The reverse stock split will become effective at 5 p.m. Eastern this Friday.
This is not the first time Greenwave, which operates metal recycling facilities in Virginia, North Carolina and Ohio predominantly under the Empire Metal Recycling name, has undertaken a reverse share split.
The company also arranged a reverse stock split in mid-2024, that one at a ratio of one postreverse split share for every 150 prereverse split shares, and used it as a technique to retain its Nasdaq listing status.
Now, 14 months later, Greenwave again says its new reverse stock split is intended to increase the per share trading price of the common stock to enable the company to regain compliance with the minimum bid price requirement for continued listing on the Nasdaq Capital Market.
The recycling firm says the reverse stock split will reduce the number of shares of common Stock outstanding from more than 62.7 million shares outstanding to approximately 570,900 shares.
At the close of trading Aug. 20, Greenwave’s stock was trading at 0.167 cents per share. The price did not rise in the first several hours of Nasdaq market afterhours trading. Instead, as of 11:15 p.m. Eastern, the stock had lost more than 25 percent of its end-of-trading day value, falling to 0.12 cents per share.

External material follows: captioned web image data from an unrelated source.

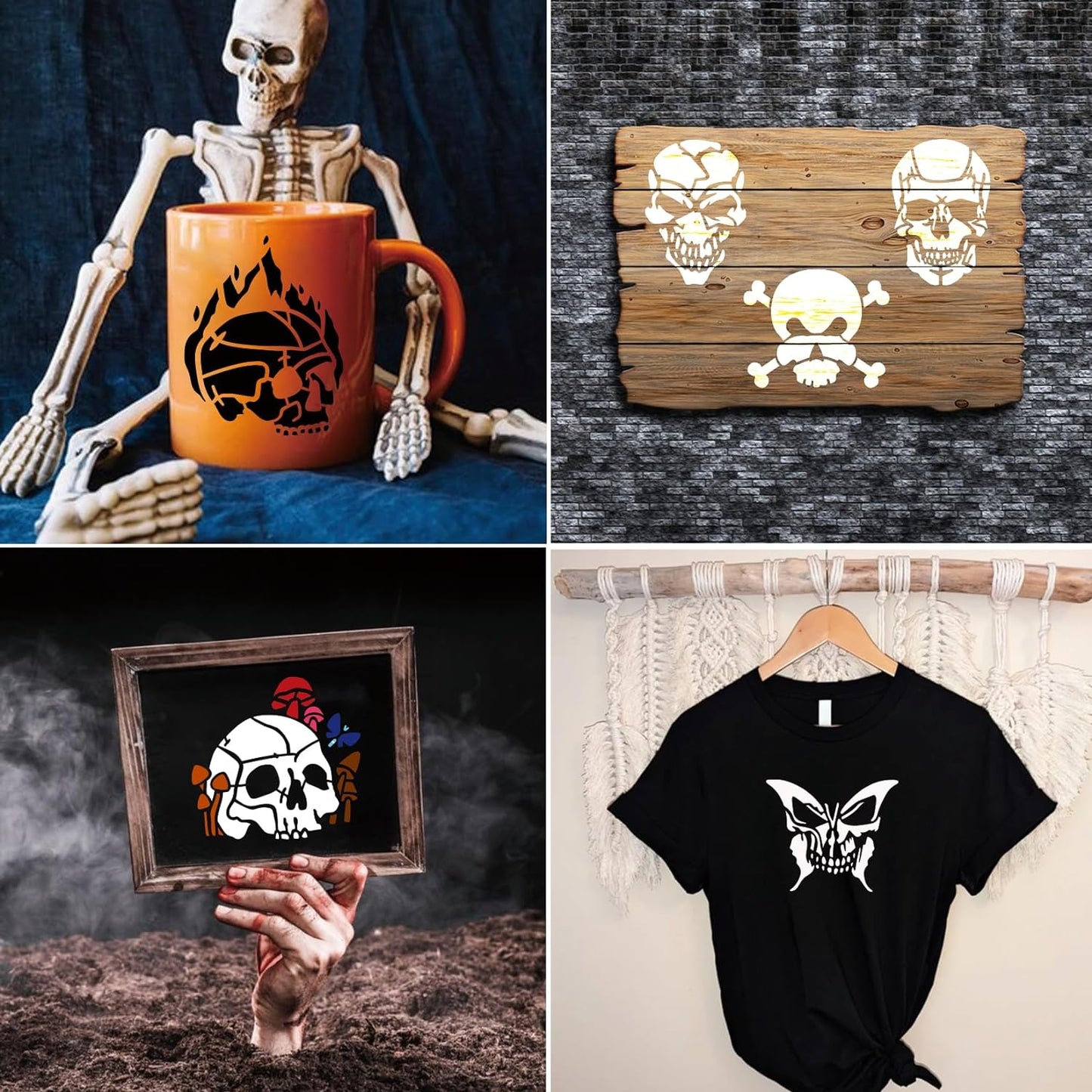 Small Stencils for Painting on Wood Reusable, 3 Inch Reusable Stencil for Craft Ornament Paint Template Stencils for Wall Card Rock Wood Signs Coasters Canvas Home Decor (Skull)
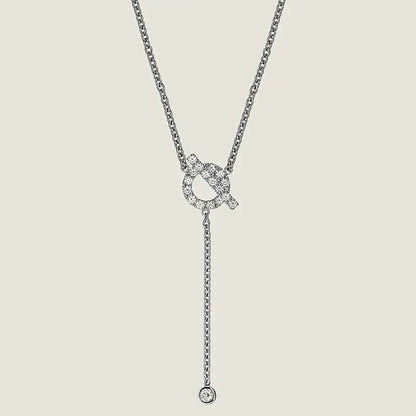 [⭐Haelin Jewelry]FINESSE SILVER DIAMOND NECKLACE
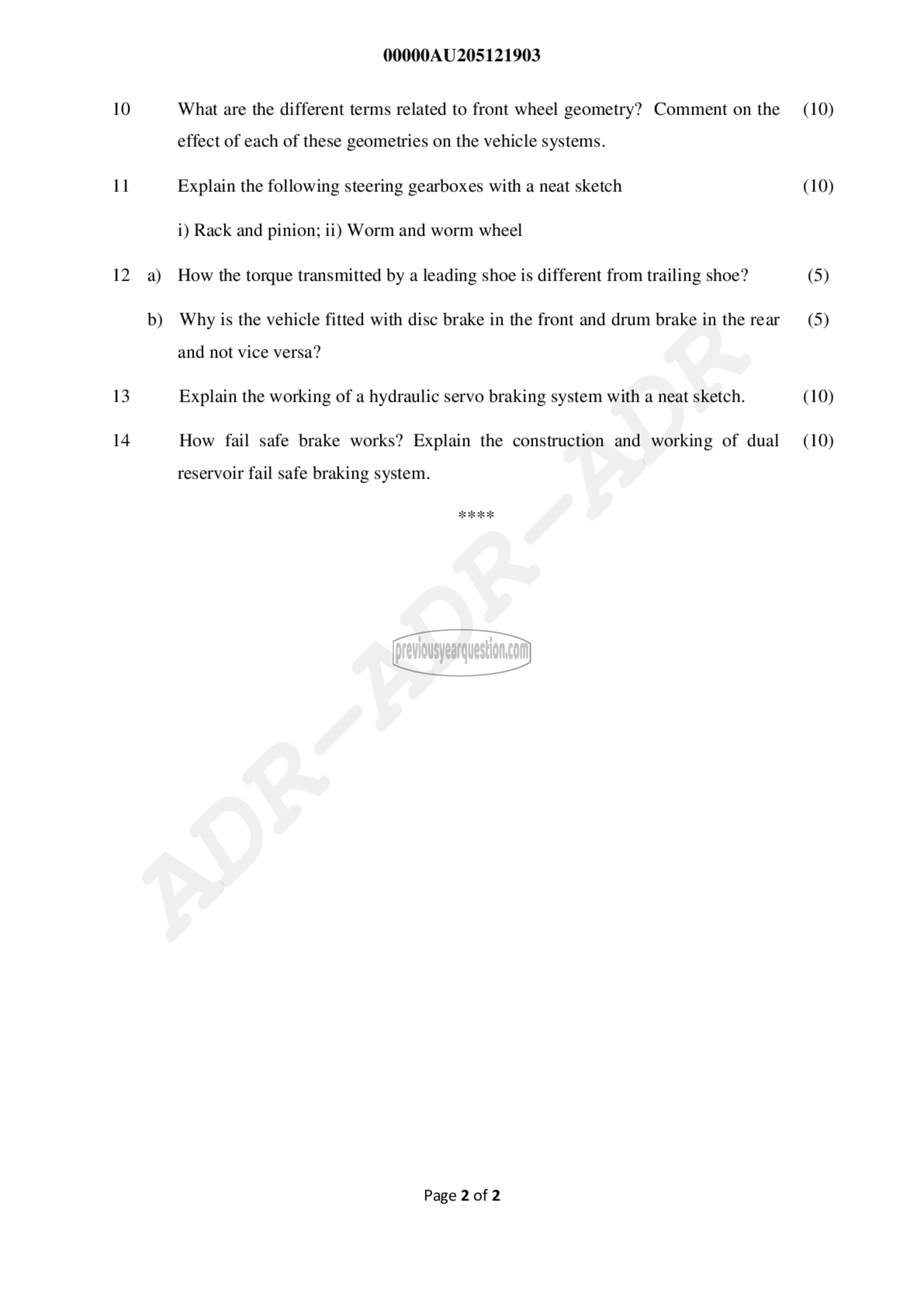 Question Paper - Automotive Chassis-2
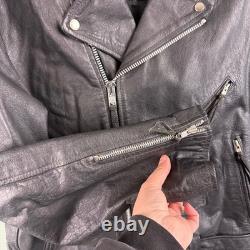 VTG 90s WILSONS Black Leather Motorcycle Biker Punk Jacket Moto Zipper Belt XL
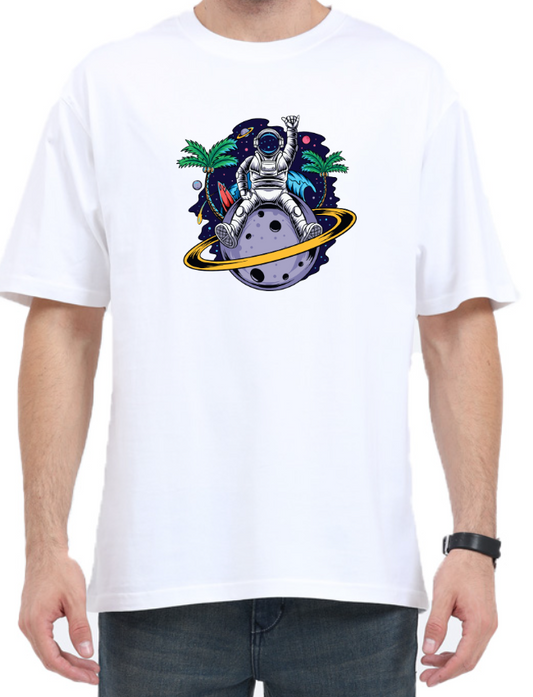 Men's Oversized Tshirt - DRON Astronaut - OS41 White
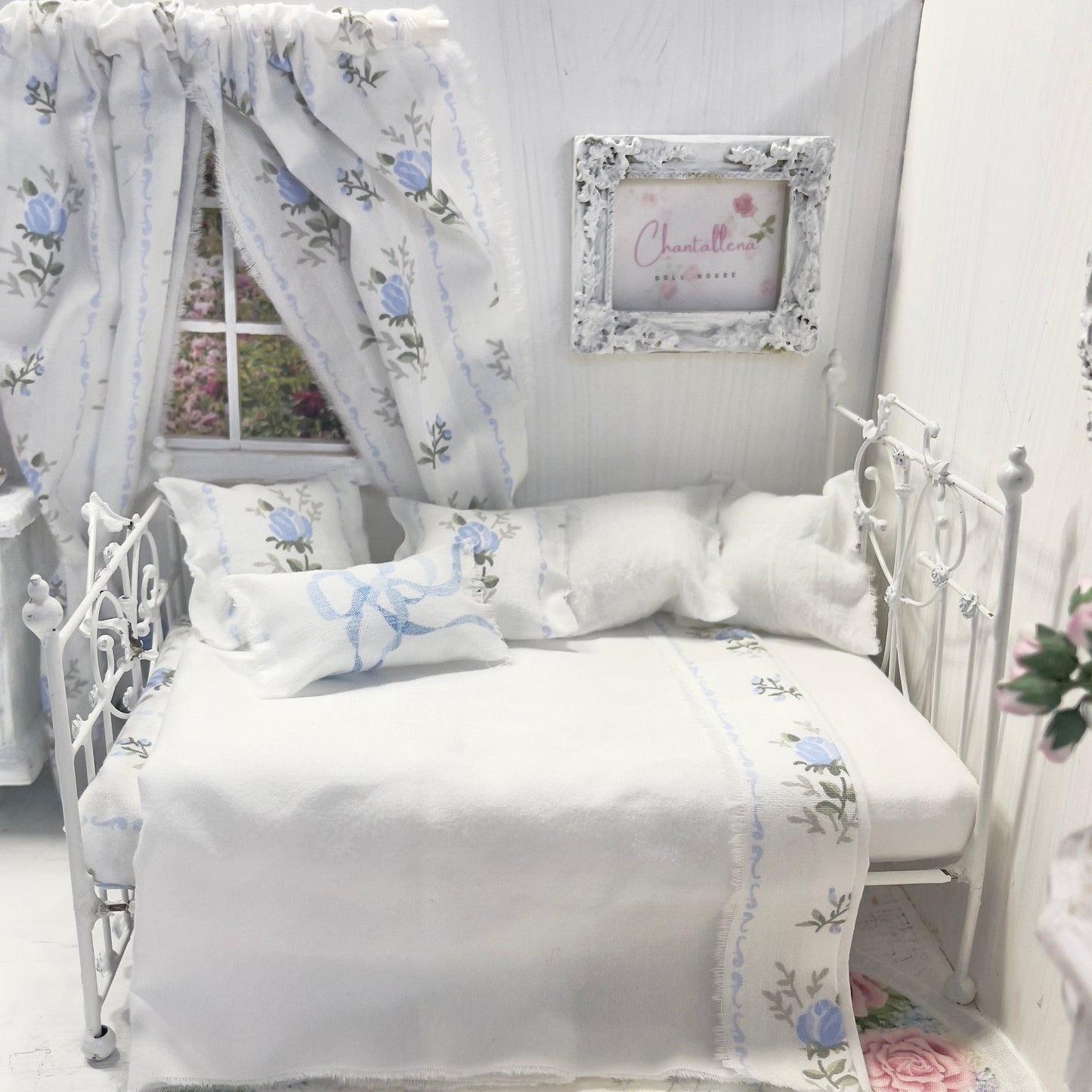 Chantallena Doll House Bedding Lillian Grace| Blue Roses Trellis Cotton Bedding Set with Pin-tucked Comforter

On Aug. 15, Greenwave filed a document with the Securities and Exchange Commission acknowledging it was late in filing its first quarter 2025 financial statement.
In its Form 12b-25, Greenwave says it has not been able to file its quarterly statement without unreasonable effort or expense because additional time is needed to finalize the financial statements and disclosures to be included in such report.
In its 2024 financial year, Greenwave reported a net loss of more than $100 million and indicated in that filing—as it had in previous filings—that it was in a position to require access to additional capital.
As it has in previous SEC filings, Greenwave includes comments pertaining to the future viability of its financial position.
“We may need additional capital in the future to continue to execute our business plan; at the present time, we do not have arrangements to raise additional capital, and we may need to identify potential investors and negotiate appropriate arrangements with them,” Greenwave wrote in that filing, dated April 30.